APM Tools: open-source vs commercial vendor
Open source-based APM tools offer a lot of freedom for users, since users can access and customize the tool's source code for their project-specific needs. They also allow for self-hosting, which can help in the context of tightening data protection laws and removing the privacy and security concerns customers may have to put customer data going to third-party services. Open source APM tools also often offer a vibrant community of active developers who might provide helpful plugins and tips.
However, many SaaS-based commercial APM tools offer free or reasonably priced bundles. Open source is rarely really free, and many commercial SaaS solutions offer better, more reliable, and reasonably priced APM tools. You should spend time and effort in APM feature evaluation and make the best decision that saves cost and works well with your stack.
APM Tools Overview
From the Gartner Research, it provides the reviews and ratings of existing commercial vendor based application performance monitoring and observability tools in the market. In this blog post, I will take a look at some of those APM tools. I also choose some open-source based APM tools to look at in this blog post.
Splunk
Splunk is an extensible data platform that offers a range of solutions for analytics, monitoring and security to identify data patterns, provide metrics and diagnose problems.

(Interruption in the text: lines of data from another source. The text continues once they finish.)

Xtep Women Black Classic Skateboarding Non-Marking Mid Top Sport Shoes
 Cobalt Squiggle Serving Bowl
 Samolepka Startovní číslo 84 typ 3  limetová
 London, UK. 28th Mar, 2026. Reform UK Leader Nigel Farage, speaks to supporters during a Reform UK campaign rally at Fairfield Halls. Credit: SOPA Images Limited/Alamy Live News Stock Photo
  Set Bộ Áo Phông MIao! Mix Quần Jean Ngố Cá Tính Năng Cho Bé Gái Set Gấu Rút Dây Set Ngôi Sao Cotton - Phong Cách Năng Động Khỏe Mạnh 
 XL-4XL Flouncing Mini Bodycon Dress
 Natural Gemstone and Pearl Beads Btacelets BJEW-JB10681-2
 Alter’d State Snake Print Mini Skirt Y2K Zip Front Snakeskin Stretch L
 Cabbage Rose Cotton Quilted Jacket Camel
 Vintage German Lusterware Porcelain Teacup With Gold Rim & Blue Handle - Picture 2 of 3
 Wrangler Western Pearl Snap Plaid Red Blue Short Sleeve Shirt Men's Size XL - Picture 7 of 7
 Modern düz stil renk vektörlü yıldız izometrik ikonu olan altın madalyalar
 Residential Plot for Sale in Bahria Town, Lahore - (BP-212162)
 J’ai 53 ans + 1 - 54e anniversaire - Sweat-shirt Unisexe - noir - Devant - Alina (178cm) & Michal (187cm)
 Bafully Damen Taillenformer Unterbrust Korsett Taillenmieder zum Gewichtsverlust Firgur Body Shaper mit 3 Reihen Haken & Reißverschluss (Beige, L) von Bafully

It delivers real-time monitoring and alerting for all environments, on-premises, hybrid or multicloud.
Key features:
- Collects data from virtually any source and location
- Converts logs into metrics and analyzes and correlates data to create real-time visualizations and dashboards
- Provides a policy-based mechanism to reserve system resources for workload collection
- Provides a search processing language for both simple searches and advanced data exploration
- Provides thresholds for monitoring events and proactively warns of potential problems when data passes the threshold
- Pushes alerts to notify regarding critical events and impending conditions in real-time
- Analyzes metrics and events data with visualizations like bar charts, reference lines, scatter plots and column charts
- Offers outlier and anomaly detection and predictive analytics using machine learning toolkit
- Supports open source algorithms and creates custom machine learning models to help operationalize data
Splunk is more focused on monitoring and analyzing data generated from various machines, converting them so that they can be analyzed by developers. It takes more of a log management approach that makes it ideal for managing and monitoring the large amount of data generated from the devices running on the network. It’s great for analyzing the huge number of log files generated by enterprise systems. It eliminates the need for IT to spend hours trawling through all the logs looking for performance issues. Splunk integrates data streams from a huge number of sources. It supports a wide range of data formats, and .xml, .csv and .json files are all supported. This is important if a company needs data stream integration from multiple data formats.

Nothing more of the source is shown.